The rules state that if a tenderpaw fails to achieve promotion to a guardmouse for two years in a row, they are retired from service - a sort of embarrassing failure that proves that they don't have the right stuff.

If a tenderpaw fails to be recommended for guardmouse rank, he has two options. He may retire from the Guard. Gwendolyn and the other guardmice thank him for his service and return him to his parents. No hard feelings, no harm done. Alternatively, the tenderpaw may choose to do another year of patrol with his mentor. At the end of the year, he will be once again considered for promotion. If he fails to make promotion this second time, he is quietly retired by Gwendolyn and sent home to his family.

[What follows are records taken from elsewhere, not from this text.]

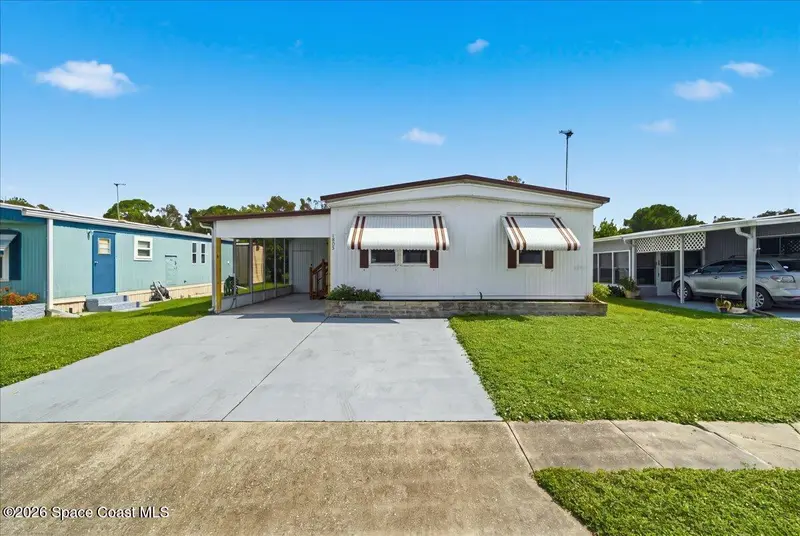 1805 Seagrape Street Ne, FL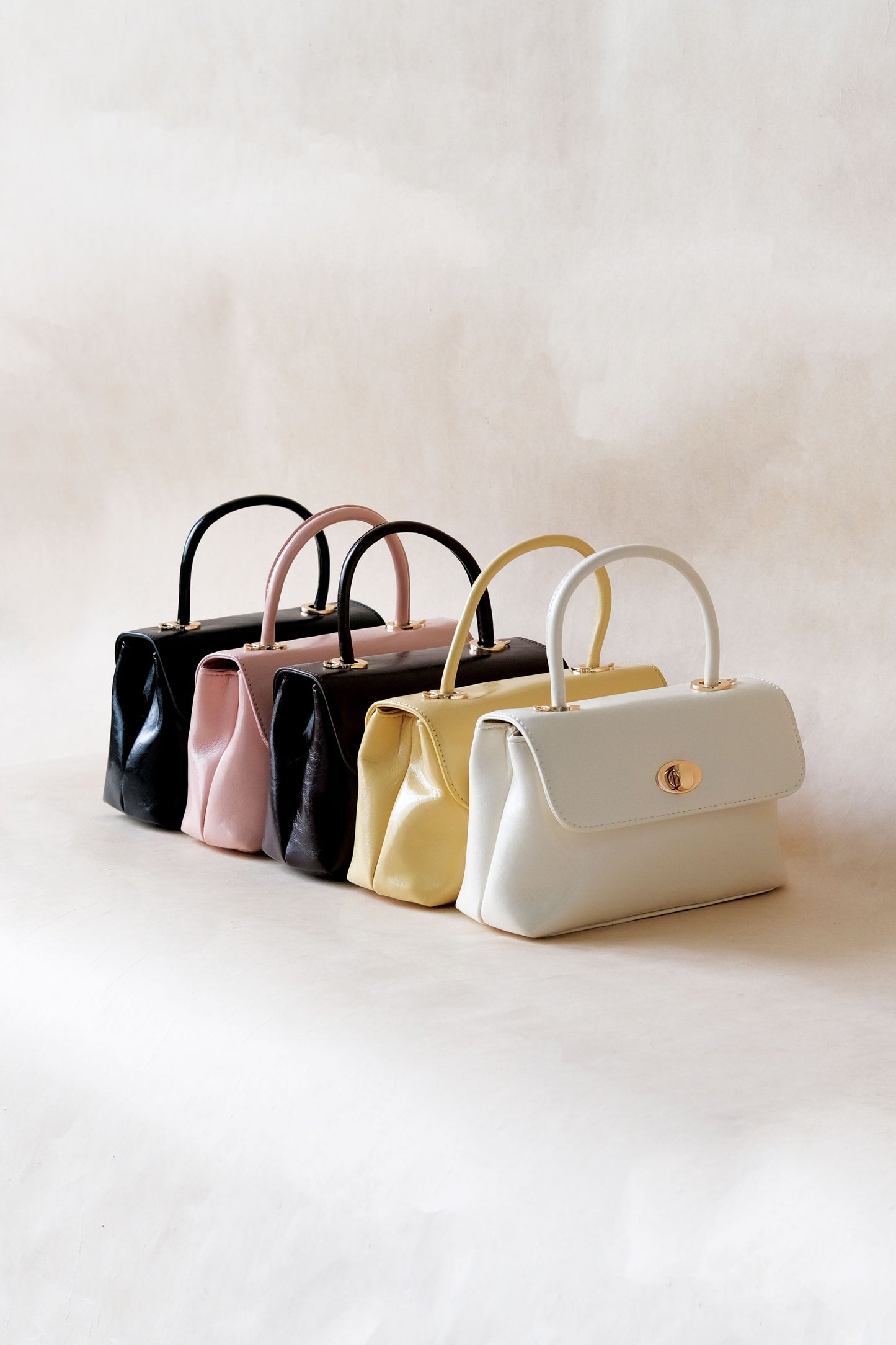 [SAMPLE RELEASE] The Vivienne Box - Macaroon Pink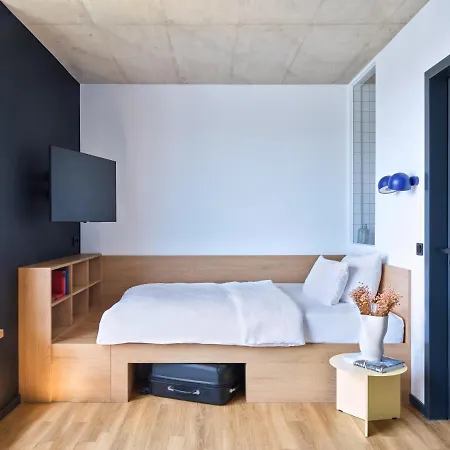 Ξενοδοχείο με διαμερίσματα Stayery Ehrenfeld 4*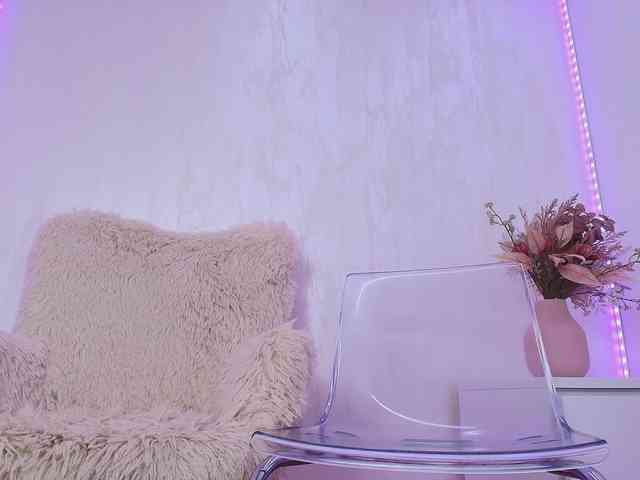 Anna-Lewis webcam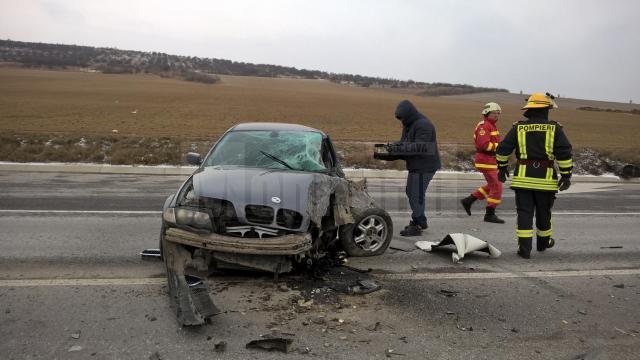 Autoturismul BMW implicat în accident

However, a tenderpaw can enter into service at age 14, while the minimum age of a guardmouse is 18.

Mice can enter the guard as a tenderpaw as early as age 14. They can be officially inducted into the Guard at age 18. Most guardmice retire before the age of 60.

What happens to a tenderpaw that is age 14 who completes his first year? Do they:

  1. Not check for promotion - their years before age 18 do not count for or against them. They will first be checked for success or failure of promotion on the year that they're 18 (or possibly 17, if their birthday is in the winter?).

  2. Check promotion only for success - if they pass, this promotion will be applied once they are of eligible age, and they will continue as a tenderpaw until then; if they fail to be promoted, it is not really a "failure" and is not counted against them.

  3. Check for promotion fully - if they pass, this promotion will be applied once they are of eligible age, and they will continue as a tenderpaw until then; if they fail, it counts as one of their two strikes.

  4. They just fail after two years - this paradox means they are doomed to failure. (It's probably not this one).

  5. Other.

I would probably suspect it's either 2 or 3. In this case, a tenderpaw would be promoted to a sort of "junior grade" guardmouse position, which would mean that they earned their promotion but cannot yet hold the full, official title. They then become the real deal once they reached the requisite age.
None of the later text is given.